Dataset excerpts:
++++++

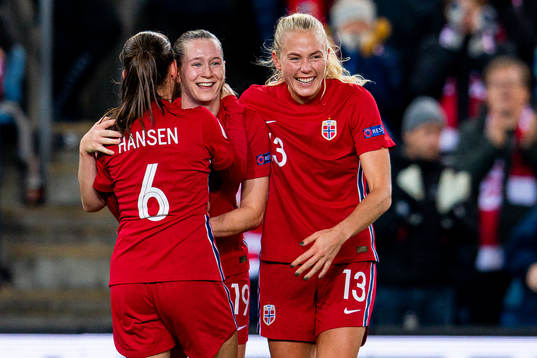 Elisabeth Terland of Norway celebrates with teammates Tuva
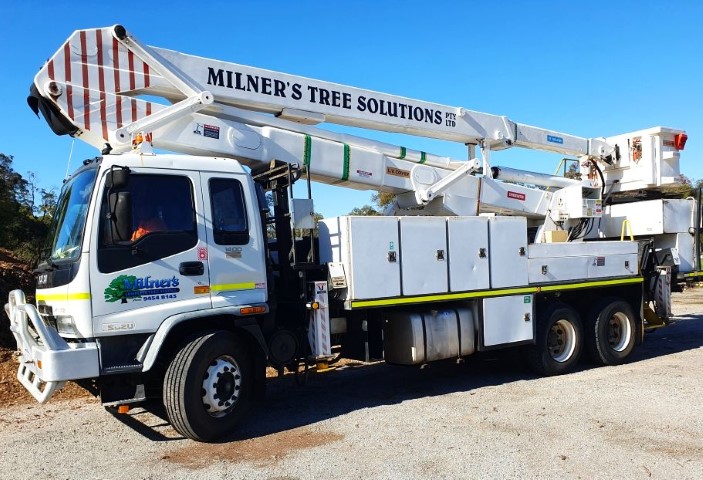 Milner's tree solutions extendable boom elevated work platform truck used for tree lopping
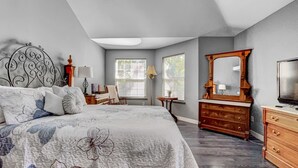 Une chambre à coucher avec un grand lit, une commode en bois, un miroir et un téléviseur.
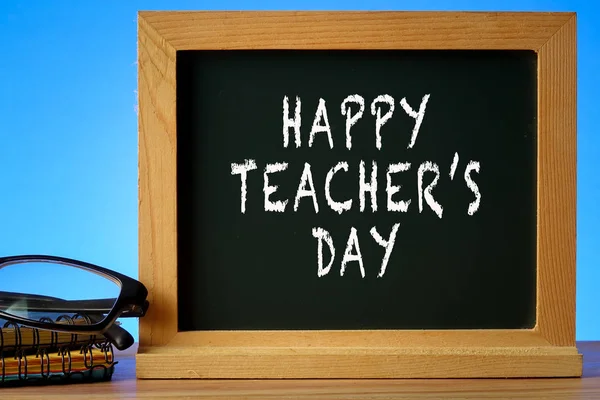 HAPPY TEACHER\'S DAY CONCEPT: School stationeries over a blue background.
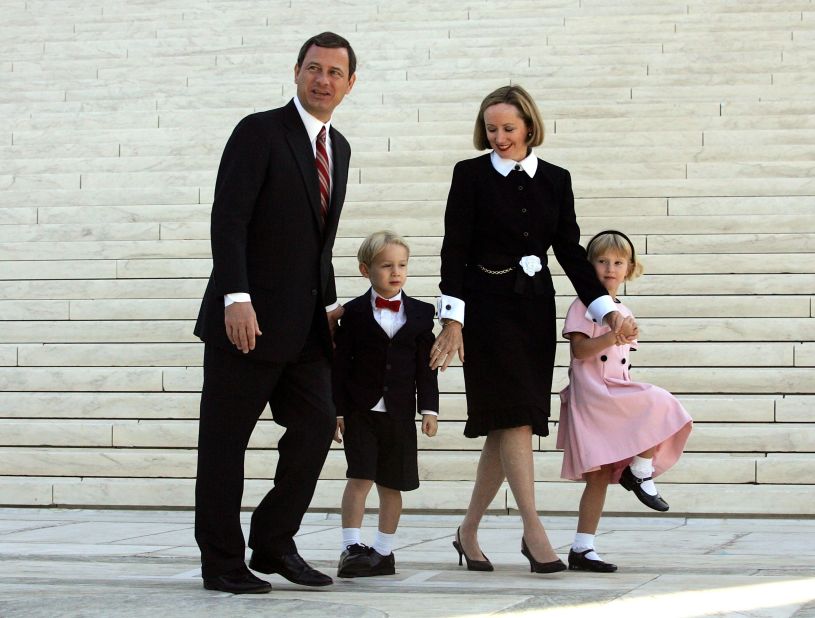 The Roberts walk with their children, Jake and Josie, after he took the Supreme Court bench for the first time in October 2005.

++++++

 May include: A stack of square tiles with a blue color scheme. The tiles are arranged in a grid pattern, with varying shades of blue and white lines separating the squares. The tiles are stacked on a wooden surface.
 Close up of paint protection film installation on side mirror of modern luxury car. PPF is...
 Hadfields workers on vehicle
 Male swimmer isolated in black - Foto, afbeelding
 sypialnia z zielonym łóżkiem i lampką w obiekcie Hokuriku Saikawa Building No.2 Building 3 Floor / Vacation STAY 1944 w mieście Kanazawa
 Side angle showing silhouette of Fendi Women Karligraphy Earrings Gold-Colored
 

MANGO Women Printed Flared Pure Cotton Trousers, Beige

++++++

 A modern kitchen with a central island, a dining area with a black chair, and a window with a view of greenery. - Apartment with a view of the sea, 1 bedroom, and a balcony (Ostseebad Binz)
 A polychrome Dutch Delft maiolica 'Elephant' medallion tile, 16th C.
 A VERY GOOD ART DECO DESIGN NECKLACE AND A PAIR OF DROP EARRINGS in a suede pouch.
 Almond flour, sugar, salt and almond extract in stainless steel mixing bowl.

++++++

Work request: Within the listing above, extract exactly the lines that run from the one containing "Elisabeth Terland of" through the one containing "The Roberts walk", excluding any pictures.

Solution to this exercise:
 Elisabeth Terland of Norway celebrates with teammates Tuva
 Milner's tree solutions extendable boom elevated work platform truck used for tree lopping
 Une chambre à coucher avec un grand lit, une commode en bois, un miroir et un téléviseur.
 HAPPY TEACHER\'S DAY CONCEPT: School stationeries over a blue background.
 The Roberts walk with their children, Jake and Josie, after he took the Supreme Court bench for the first time in October 2005.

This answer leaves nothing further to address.